:: TASK DESCRIPTION ::
Give back the entries exactly as they read, leaving each image out.

Content starts

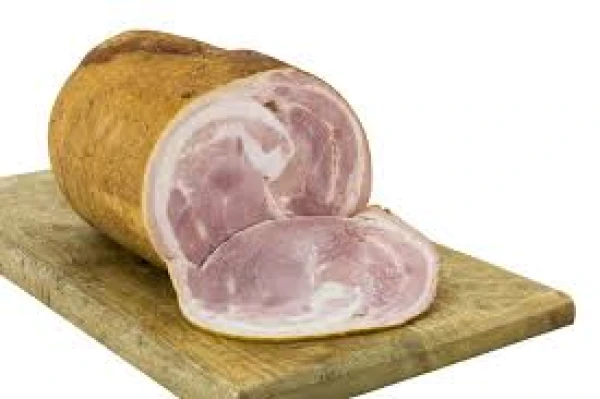 Μπέικον Καπνιστό Ρολό ΑΛΚΗΣ ~2kg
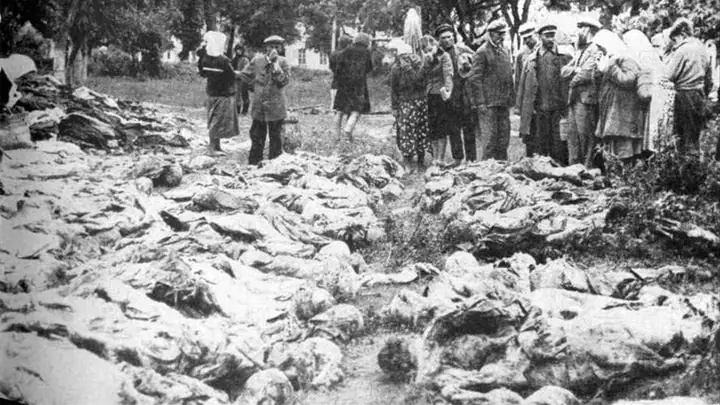 La Gran Purga de Stalin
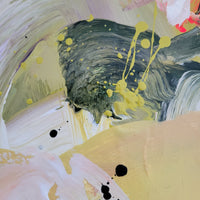 Softly, Softly - art by artist from Canada Marianne Nielsen - artterra online art gallery - Buy art of Canada Online - We ship to USA and Canada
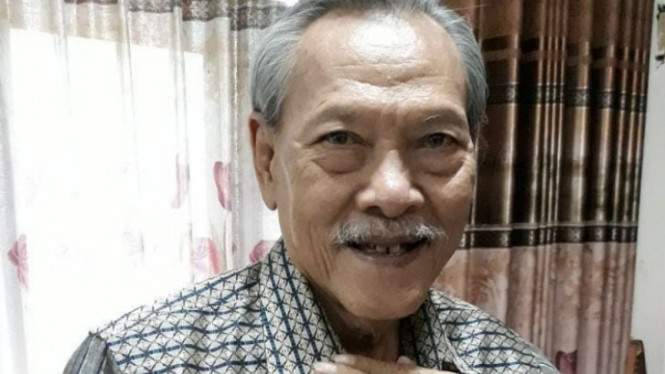 Henky Solaiman.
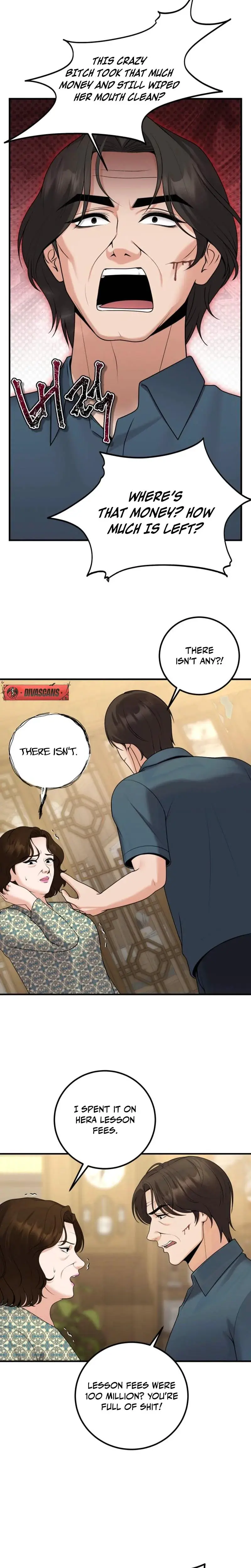 The Twenty Year Old Bride Chapter 35 - Page 15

Content ends

:: RESPONSE AREA ::
 Μπέικον Καπνιστό Ρολό ΑΛΚΗΣ ~2kg
 La Gran Purga de Stalin
 Softly, Softly - art by artist from Canada Marianne Nielsen - artterra online art gallery - Buy art of Canada Online - We ship to USA and Canada
 Henky Solaiman.
 The Twenty Year Old Bride Chapter 35 - Page 15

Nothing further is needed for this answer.